Obligatory Yearly Blog Metrics Post
I tell you the hard-hitting numbers that matter to me more than you
About once a year, the blog fairy descends from the sky and grants you permission to bore your audience with data about your audience. With a graceful wave of their wand, an author is finally freed to do what he has wanted to the whole time: to explain, in exhausting detail, why they think they aren’t as big as they could be right now.
Then, in a touching end-of-film scene, the author learns the fairy wasn’t needed - the whining was inside of them, the entire time. They just needed to believe in themselves.
Without further ado and with no more adornment, I give you the 2022 statspost. May God have mercy on your souls.
Free Sub Growth
Conventional blog theory on how to grow a blog goes something like this:
Write a bunch of really good articles, or at least the best articles you can.
Try to write stuff that a bunch of people want to read, which is sort of distinct from 1. if you think about it long enough.
Balance 1-2 in a way that makes sure you won’t lose respectability. Respectability is important! People don’t pay people they don’t respect, so don’t pander unless you can pander enough to make that your entire business model.
Once you’ve completed 1-3, try to get your stuff in front of tens of thousands of viewers. If you’ve done your job really really well, you will have a low-single-digit conversion to subscribers. Now you have some options:
Option 1: Withhold some amount of your output from people who don’t pay.
Option 2: Give people an option to pay, but don’t withhold any work and hope they pay for no particular reason - just from goodwill or something.
Option 3: Don’t give people an option to pay, but find some wealthy benefactor who pays for your work and who (hopefully) will not commit massive fraud and go to prison. Do not reflect on how often “will give tens of thousands of dollars to an OK writer on a whim” and “will commit massive fraud” overlap on Venn Diagrams.
Live the enviable life of an independent artist as portrayed in a Hallmark movie - buy a house in the woods, meet a person from a very different walk of life who teaches you the real meaning of creative output, etc.
This all implies, in a weird way, that free subscribers are the most important subscribers - they are upstream of everything else you want. Within their teeming masses hide paid subs, just waiting to make themselves known with sweet, sweet financial gains.
Sickening financial incentives aside, they are more important in a different way: If your work matters, they are the people it helps. The more people who read your stuff the more good you do, and free subs represent the vast bulk of words-read.

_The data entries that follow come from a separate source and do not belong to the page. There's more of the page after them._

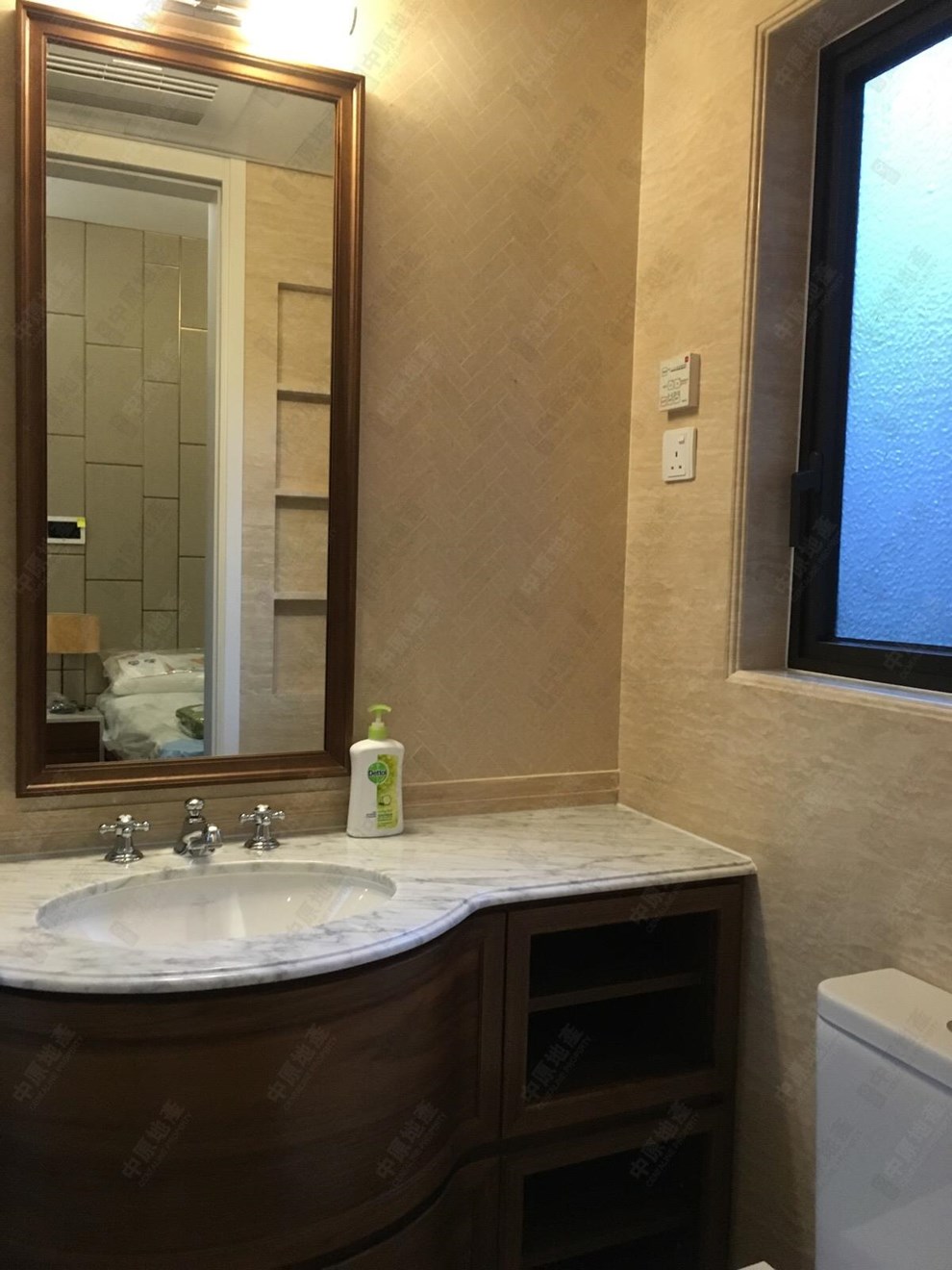 Unit Interior-Washroom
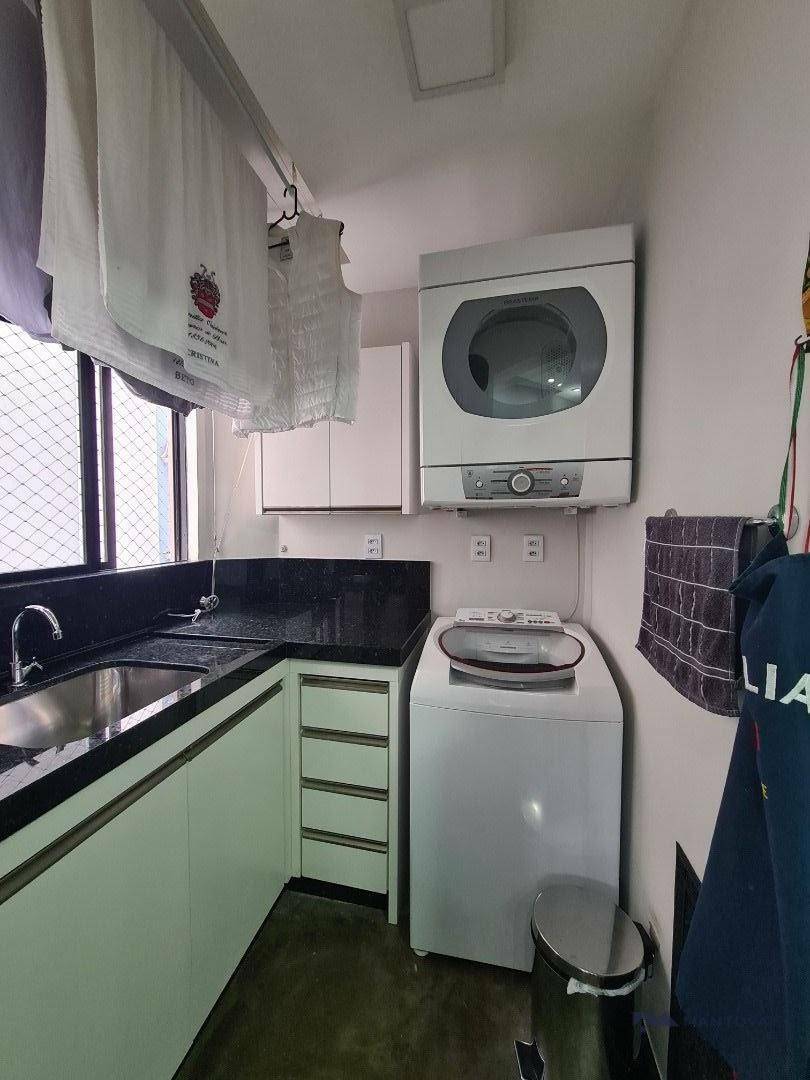 Apartamento à venda com 3 quartos, 186m² - Foto 12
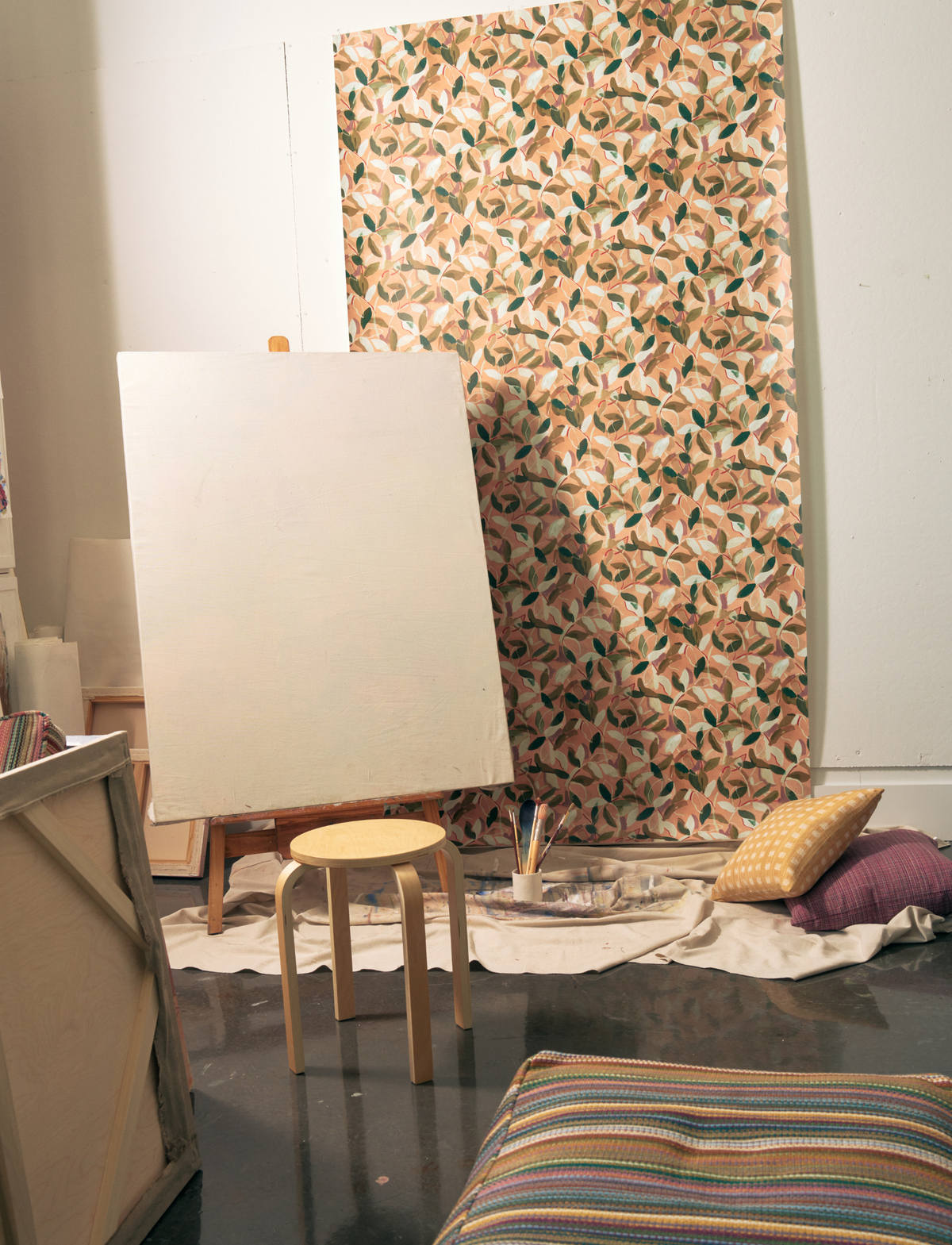 Laurel Wallpaper in Peach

Thus I’m glad to say that this year has been good for subs:
At the end of the first year of writing, I had just under 1000 subs. Now I have 3296, which is, you know, nice. A math friend assures me this is technically exponential growth, which is the best kind of exponential growth. In addition to that, a certain amount of you dial in via RSS, which I can’t really track. Feedly says it’s at least 171 of you:
But there’s almost certainly more than that, given that Feedly isn’t the entire RSS market. So there’s about 3500 of you, or more! That’s good! I’m glad you are here and glad you put up with me.
Free Subscription Sources
Substack is really, really bad at telling me where subs come from. I’m not sure this is their fault, since everyone seems bad at this - I have Google Analytics tracking, and it’s not better. I have other tools, and they aren’t better. I sometimes randomly email people who just signed up to ask how they found me, and they are mostly (and justifiably) creeped out by this and don’t answer. It’s just hard to know where people are finding your writing, which I’ve come to accept.
That said, I do have some probably-broadly-correct guesses. If you take a look at my overall subscriber growth in the graph above, you will note that things start picking up in April, and then really kick into gear around September. The first is when Substack introduced its recommendation feature, which lets me recommend various blogs to you (and vice versa). This was the first time Substack did anything substantial to leverage the platform into small-creator reader growth, and it worked well.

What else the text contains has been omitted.